Sustentadas en cuatro causales jurídicas, 30 empresas más presentaron ante la Corte Suprema de Justicia (CSJ) igual cantidad de recursos de amparo con suspensión del acto reclamado en contra del acuerdo ejecutivo que elevó el salario mínimo a 5,500 lempiras.
El pasado lunes 12 de enero del presente año, representantes legales del Consejo Hondureño de la Empresa Privada (Cohep) interpusieron ante la secretaría general de la CSJ los primeros 10 recursos de amparo y ayer se incoaron 30 impugnaciones adicionales, que ya suman 40.
Los magistrados de la sala de lo Constitucional de la CSJ disponen de tres días hábiles para determinar si aceptan estos recursos y si lo hacen o no con suspensión del acto reclamado.
Los asesores legales del Cohep expresaron en los predios de la CSJ que en esta oportunidad representaron a varios comerciantes individuales y la mayoría de las empresas que impugnaron están radicadas en la zona sur del país.
Tanto las autoridades como los asesores legales del Cohep se resistieron a brindar el nombre de las personas naturales o jurídicas que impugnaban el alza al sueldo básico de subsistencia.
Las violaciones
Los 30 recursos presentados en esta oportunidad esgrimen las mismas cuatro razones constitucionales y jurídicas que los 10 anteriores: “Que el presidente Manuel Zelaya, al aprobar el acuerdo ejecutivo número STSS 374 -STSS -08 del 23 de diciembre, violentó garantías y derechos constitucionales.
Según los textos del amparo se violentó el derecho constitucional de igualdad ante la ley y del derecho al trabajo.
Se violenta también la armonía entre el capital y el trabajo, así como se ordena a las empresas cumplir con la nueva obligación salarial antes de la fecha establecida”.
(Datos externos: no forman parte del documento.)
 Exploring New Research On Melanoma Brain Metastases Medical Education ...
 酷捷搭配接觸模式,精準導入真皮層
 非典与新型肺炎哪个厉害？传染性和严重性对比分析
Las empresas sostienen que estos recursos deben ser admitidos por la CSJ con suspensión del acto reclamado para evitar de manera inmediata la pérdida de productividad y de utilidades que generen el cierre de centenares de empresas en todo el país y que se produzca un daño irreparable.
También aspiran a que, al impugnarse el incremento al salario mínimo, volverá a establecerse un clima de armonía entre el capital y el trabajo.
El director del Cohep, Benjamín Bográn, estimó que la ola de despidos en el ámbito nacional asciende ya a 12,000.
El presidente regional de la Asociación Nacional de la Mediana y Pequeña Industria de Honduras (ANMPIH), Carlos Uclés, indicó que la situación es desesperada entre unos 5,000 empleados que laboraban en talleres y comercios.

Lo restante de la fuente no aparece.